What You Didn’t Know About Organic Butter: A Hidden Source of Omega-3 Fatty Acids

( - Butter made from cow’s milk isn’t the healthiest food choice. In fact, it’s probably nearing the bottom of the list of healthy foods to eat. But if you choose organic butter, you might be surprised at how much of a nutritious boost you could get! Here’s a little bit on the benefits of enjoying organic butter:

What Is Organic Butter?

To put it simply, organic butter made from cow’s milk, like regular butter, is a pleasure food. It’s the ingredient bakers use to make their pastries, breads, cakes, and other baked goods fluffy and creamy. It’s the ingredient that fast food joints use to make their dishes melt in your mouth.

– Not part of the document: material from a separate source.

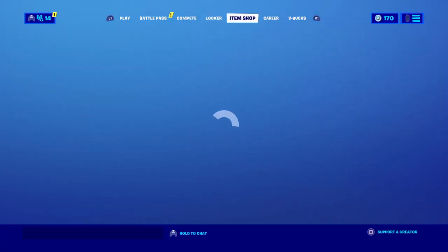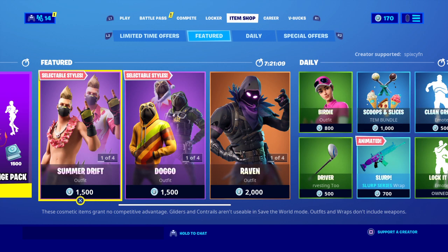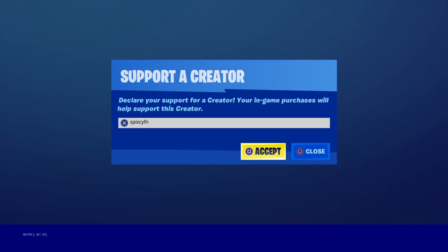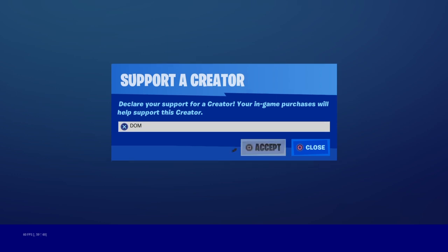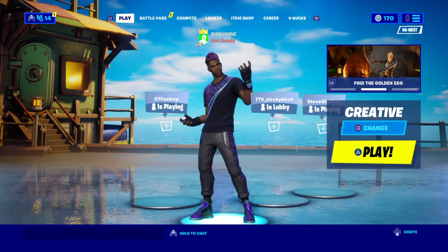Hey guys, before we start this video, I just want to let you know you must use code DOM — all capital — at the item shop. You can type it like that if you guys want, and I will be making these videos for a little bit. Yeah, just use code DOM at the item shop. Peace out.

But just like regular butter, organic butter is simply the fat separated out from organic cow’s milk. This fat is called butterfat, which is composed mostly of saturated fats and a small percentage of healthy unsaturated fats.

Organic butter, like regular butter, ends up being made up of about 80 percent butterfat after final processing – that’s a lot of saturated fat.

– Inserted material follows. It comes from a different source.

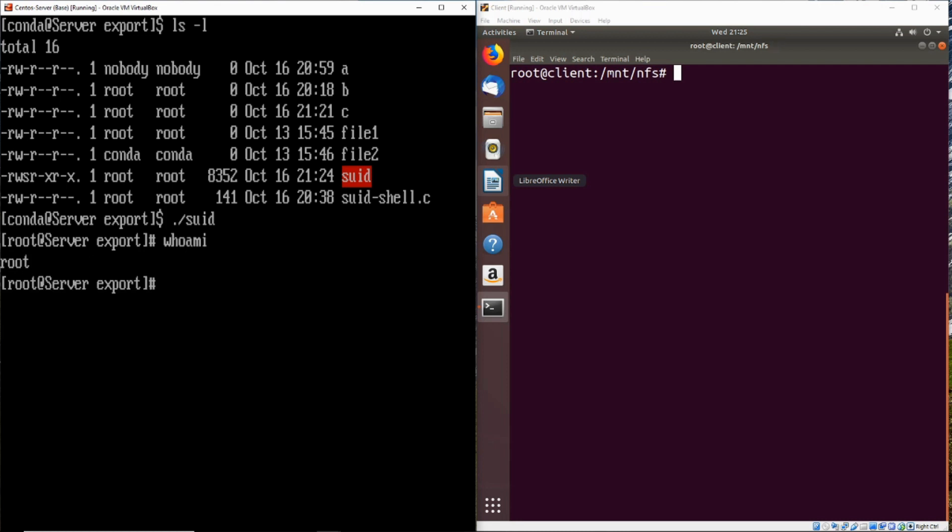So that is why setting the no root squash option on NFS can be dangerous and lead to privilege escalation on the machine.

Is Butter Really That Unhealthy?

If you’re thinking to yourself that you’ve heard from too many wellness sources that butter is unhealthy and that you probably should stay away, well you’re not wrong. But butter isn’t the scourge that mainstream media has portrayed it to be.

Researchers conducted a study on monkeys where they fed them a daily diet high in saturated fat. Those monkeys developed atherosclerosis. (Remember that butter is composed mainly of saturated fat.)

But experts actually found that eating butter raises both your good and bad cholesterol almost the same as eating refined carbohydrates, like white rice, potato chips, and bread. It seems that if you switched your carbs with butter, there shouldn’t be any problems.

But the most popular use for butter is as a spread for bread or a texturizing agent in carb-filled pastries. Butter just goes hand-in-hand with refined carbs! But eating butter with refined carbs is like a double whammy – and that’s the real culprit for the increased heart attack risk.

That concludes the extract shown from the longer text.